Published online by Cambridge University Press: 03 December 2009
In the preceding chapter, two principles, BD and NOC, were defended. It was argued that if an organism has adopted the most efficient type of evolutionary strategy then this strategy would be one which (i) obeys BD, and (ii) exemplifies NOC. Chapter 3 put forward two claims, the ontological claim and the epistemological claim, which were said to be constitutive of the position to be developed in this book. There is, in fact a close connection between BD and NOC, on the one hand, and the ontological and epistemological claims on the other.
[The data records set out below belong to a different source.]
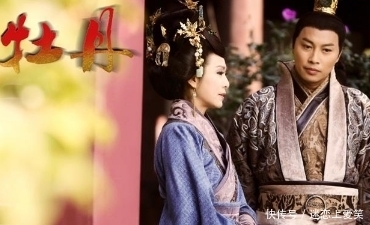 太后|歹毒太后杀庶子生母,怎料庶子几年后逆袭称王,吓傻了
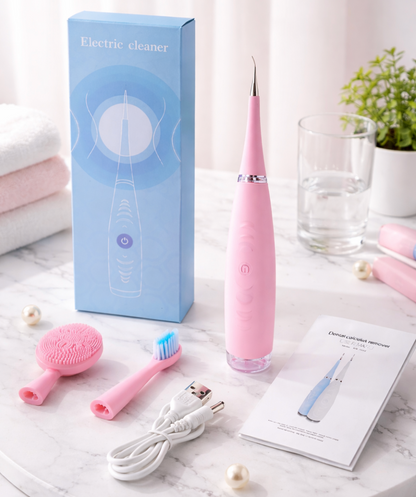 SMILECARE PRO™ 3 EN 1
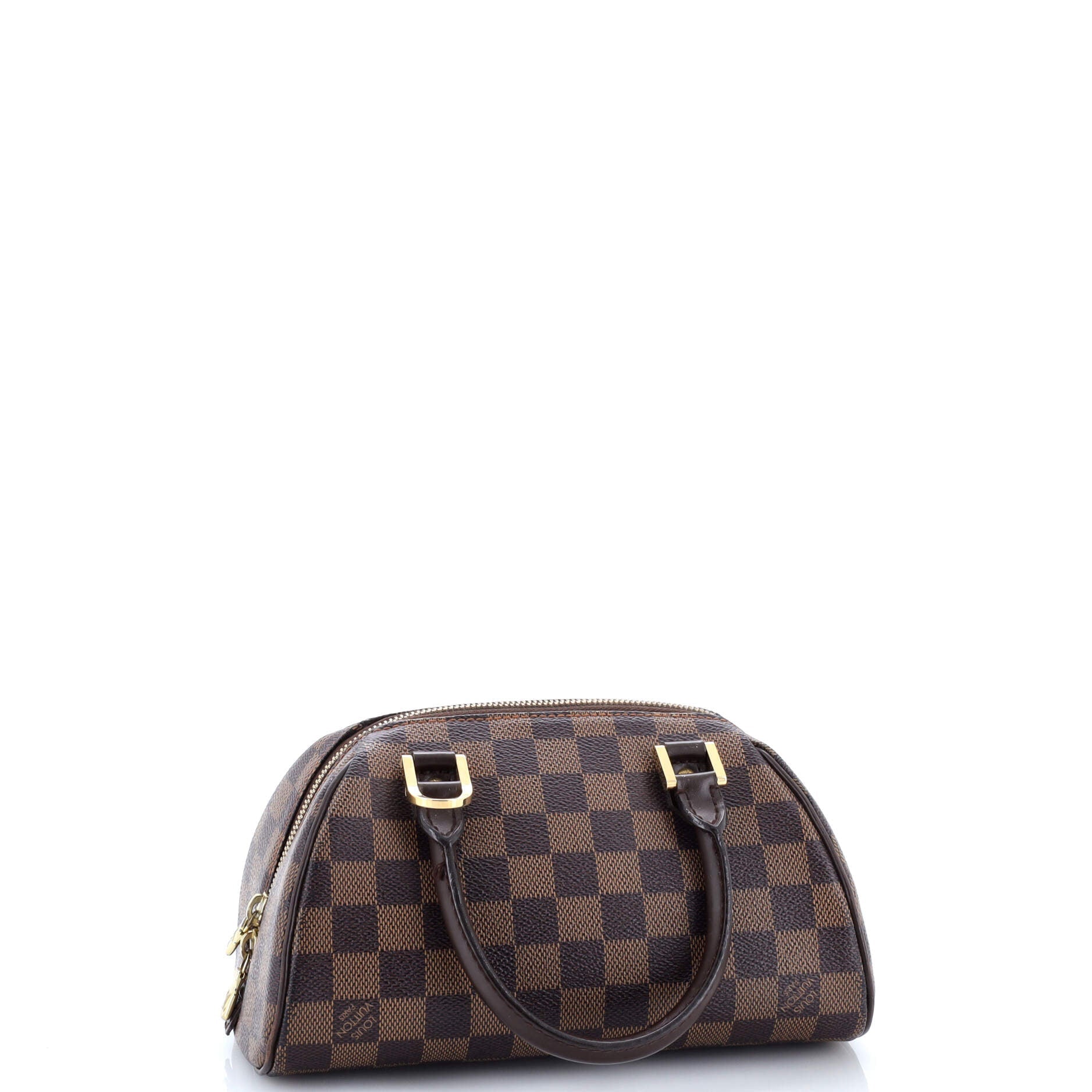 Ribera Handbag Damier Mini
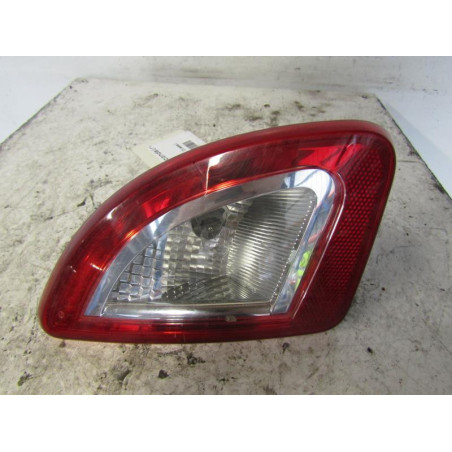 Feu arriere secondaire gauche (feux) RENAULT TWINGO 2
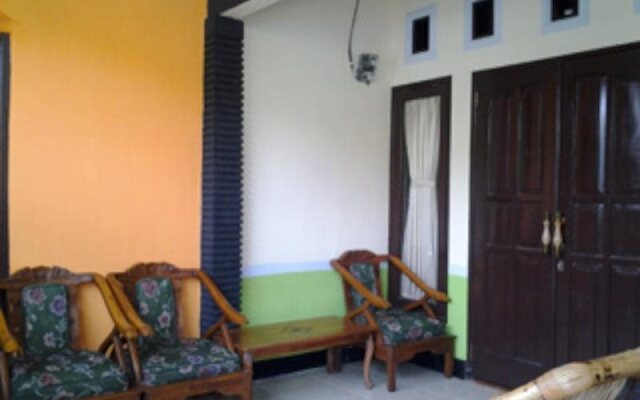 Village Corner Homestay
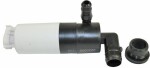 METZGER  Klaasipesuvee pump,klaasipuhastus 2220089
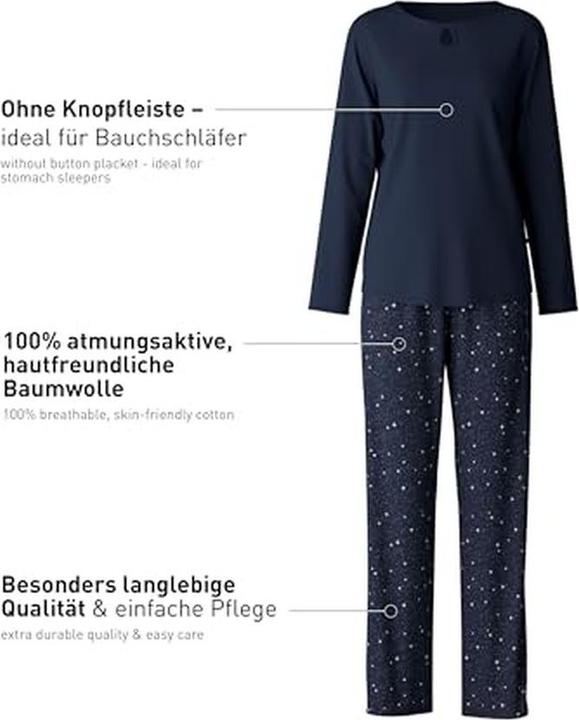 Immagine prodotto Calida Sweet Dreams (M)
Firstly, when BD is applied to the strategies that organisms adopt to accomplish cognitive tasks, then it becomes basically an expression of the ontological claim. That is, according to BD, if, with respect to a given cognitive task T, an organism O has adopted the most efficient evolutionary strategy, then the strategy adopted will consist in the development of a combination of internal structures and their operations plus manipulation of environmental structures. Therefore, the processes by which O, adopting the most efficient evolutionary strategy, accomplishes a given cognitive task T will be hybrid, consisting of both internal and external operations. But if this is so, then these processes are not located purely inside the skin of the cognizing organism; they straddle both internal and external components. And this is precisely what the ontological claim asserts.